Bluespec is a high-level hardware description language. It has a variety of advanced features including a powerful type system that can prevent errors prior to synthesis time, and its most distinguishing feature, Guarded Atomic Actions, allow you to define hardware components in a modular manner based on their invariants, and let the compiler pick a scheduler.

The toolchain was under development by Bluespec Inc for almost 20 years, and has been proven repeatedly in production designs like Flute, Piccolo, and Shakti.

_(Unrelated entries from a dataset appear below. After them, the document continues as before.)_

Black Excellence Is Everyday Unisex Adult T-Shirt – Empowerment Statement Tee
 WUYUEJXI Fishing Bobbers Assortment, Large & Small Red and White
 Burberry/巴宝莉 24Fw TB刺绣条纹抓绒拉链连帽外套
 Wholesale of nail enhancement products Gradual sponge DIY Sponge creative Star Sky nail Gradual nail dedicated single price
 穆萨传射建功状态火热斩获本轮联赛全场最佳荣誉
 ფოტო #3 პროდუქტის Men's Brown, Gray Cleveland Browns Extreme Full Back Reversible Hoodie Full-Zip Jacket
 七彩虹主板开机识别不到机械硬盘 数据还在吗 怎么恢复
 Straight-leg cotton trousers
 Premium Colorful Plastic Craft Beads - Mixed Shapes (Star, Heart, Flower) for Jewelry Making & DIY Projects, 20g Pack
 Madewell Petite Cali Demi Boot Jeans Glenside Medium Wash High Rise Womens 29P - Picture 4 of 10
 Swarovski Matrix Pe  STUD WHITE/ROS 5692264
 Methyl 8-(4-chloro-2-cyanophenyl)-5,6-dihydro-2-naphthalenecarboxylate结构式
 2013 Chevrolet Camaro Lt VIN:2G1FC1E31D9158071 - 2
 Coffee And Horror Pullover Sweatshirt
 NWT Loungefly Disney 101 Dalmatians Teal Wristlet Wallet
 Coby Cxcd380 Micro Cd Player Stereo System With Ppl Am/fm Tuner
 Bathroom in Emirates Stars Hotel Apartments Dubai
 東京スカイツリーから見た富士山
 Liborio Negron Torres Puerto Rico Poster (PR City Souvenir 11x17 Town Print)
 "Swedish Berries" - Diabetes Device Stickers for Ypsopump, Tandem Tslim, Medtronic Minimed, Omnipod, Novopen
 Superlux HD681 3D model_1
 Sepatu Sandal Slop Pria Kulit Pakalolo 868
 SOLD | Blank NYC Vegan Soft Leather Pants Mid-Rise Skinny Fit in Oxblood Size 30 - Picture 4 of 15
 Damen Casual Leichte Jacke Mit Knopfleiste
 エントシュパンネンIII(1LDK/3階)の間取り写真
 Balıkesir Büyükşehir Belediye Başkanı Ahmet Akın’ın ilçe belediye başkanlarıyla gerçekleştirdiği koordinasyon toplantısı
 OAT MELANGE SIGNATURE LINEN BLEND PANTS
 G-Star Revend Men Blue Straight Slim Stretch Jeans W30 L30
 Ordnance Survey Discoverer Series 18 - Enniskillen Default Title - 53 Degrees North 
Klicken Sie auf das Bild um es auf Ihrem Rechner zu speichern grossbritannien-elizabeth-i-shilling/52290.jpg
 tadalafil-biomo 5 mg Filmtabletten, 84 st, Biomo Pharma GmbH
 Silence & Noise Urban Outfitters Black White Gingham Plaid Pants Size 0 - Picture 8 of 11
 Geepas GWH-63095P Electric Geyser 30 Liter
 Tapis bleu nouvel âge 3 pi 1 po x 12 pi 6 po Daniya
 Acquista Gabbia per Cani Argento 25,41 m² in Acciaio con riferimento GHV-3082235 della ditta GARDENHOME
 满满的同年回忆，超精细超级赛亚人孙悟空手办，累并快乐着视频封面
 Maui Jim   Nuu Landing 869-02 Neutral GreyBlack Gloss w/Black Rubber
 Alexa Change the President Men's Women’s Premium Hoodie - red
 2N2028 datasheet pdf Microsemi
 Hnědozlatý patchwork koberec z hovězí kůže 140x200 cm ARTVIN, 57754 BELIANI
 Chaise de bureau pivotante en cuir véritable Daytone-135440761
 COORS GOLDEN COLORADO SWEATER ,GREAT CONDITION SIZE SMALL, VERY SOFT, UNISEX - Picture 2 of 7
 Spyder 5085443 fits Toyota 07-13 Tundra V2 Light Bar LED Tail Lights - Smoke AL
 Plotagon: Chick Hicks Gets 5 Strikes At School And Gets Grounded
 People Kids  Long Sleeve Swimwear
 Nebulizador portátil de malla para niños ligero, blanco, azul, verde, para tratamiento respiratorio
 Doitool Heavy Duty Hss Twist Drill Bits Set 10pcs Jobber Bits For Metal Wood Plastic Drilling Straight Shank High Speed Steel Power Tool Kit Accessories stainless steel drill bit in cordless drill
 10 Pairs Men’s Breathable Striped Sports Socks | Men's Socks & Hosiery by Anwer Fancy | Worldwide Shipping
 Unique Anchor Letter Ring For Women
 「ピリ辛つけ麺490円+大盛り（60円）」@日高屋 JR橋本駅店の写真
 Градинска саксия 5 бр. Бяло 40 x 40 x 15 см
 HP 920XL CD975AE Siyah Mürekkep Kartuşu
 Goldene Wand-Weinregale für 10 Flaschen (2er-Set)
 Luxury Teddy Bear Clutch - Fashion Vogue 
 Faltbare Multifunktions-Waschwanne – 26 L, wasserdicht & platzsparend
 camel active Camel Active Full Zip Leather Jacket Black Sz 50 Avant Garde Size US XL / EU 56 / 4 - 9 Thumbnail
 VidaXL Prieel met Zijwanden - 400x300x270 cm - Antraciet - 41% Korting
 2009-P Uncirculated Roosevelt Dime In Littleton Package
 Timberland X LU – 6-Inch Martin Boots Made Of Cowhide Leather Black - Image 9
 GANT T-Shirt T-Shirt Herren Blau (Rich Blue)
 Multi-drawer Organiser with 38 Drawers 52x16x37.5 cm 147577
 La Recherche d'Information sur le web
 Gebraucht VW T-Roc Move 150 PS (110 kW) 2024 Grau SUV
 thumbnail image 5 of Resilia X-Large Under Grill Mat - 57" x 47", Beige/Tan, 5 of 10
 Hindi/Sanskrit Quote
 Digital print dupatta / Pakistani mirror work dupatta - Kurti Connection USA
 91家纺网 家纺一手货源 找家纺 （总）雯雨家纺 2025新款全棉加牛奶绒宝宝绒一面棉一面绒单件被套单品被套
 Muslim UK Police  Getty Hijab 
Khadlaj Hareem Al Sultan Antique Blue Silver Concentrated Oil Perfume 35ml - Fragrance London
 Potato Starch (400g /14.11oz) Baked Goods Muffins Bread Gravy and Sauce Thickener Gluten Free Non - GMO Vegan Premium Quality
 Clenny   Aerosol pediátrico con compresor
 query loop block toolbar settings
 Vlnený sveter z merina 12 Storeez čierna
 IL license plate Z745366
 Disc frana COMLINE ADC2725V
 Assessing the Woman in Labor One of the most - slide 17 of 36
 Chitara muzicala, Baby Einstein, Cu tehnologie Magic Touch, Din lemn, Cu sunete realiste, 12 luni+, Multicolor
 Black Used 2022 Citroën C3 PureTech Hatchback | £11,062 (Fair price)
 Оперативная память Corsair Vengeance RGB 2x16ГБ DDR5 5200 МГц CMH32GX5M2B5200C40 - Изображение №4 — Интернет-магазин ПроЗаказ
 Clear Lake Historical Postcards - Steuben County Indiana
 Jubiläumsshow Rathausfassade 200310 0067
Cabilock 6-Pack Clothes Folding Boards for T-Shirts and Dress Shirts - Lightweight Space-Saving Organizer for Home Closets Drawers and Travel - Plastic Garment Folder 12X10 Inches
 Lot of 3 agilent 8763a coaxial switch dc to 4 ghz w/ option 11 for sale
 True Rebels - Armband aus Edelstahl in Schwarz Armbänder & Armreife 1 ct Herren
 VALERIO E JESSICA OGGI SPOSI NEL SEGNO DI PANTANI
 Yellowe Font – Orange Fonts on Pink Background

The Bluespec compiler bsc emits standard Verilog for maximum compatibility with any synthesis toolchain and comes with an included simulator ("bluesim"), standard library, and TCL scripting support ("bluetcl").

NOTE: The current release is minimal, and more code will be made available in the future, including:

  • Test suite
  • Documentation (User Guide)
  • Graphical development environment

The repository is still evolving. We welcome your feedback, issue reports, and pull requests.

A separate repository, bsc-contrib, exists for sharing libraries and utilities that don't (or don't yet) belong in the core tools.


Compiling BSC from source

Binaries for the Bluespec toolchain are currently unavailable, so you must build them from source code. The source code can currently be built on Linux and MacOS. It may compile for other flavors of Unix, but likely will need additional if/else blocks in source code or Makefiles.

The core of BSC is written in Haskell, with some libraries in C/C++.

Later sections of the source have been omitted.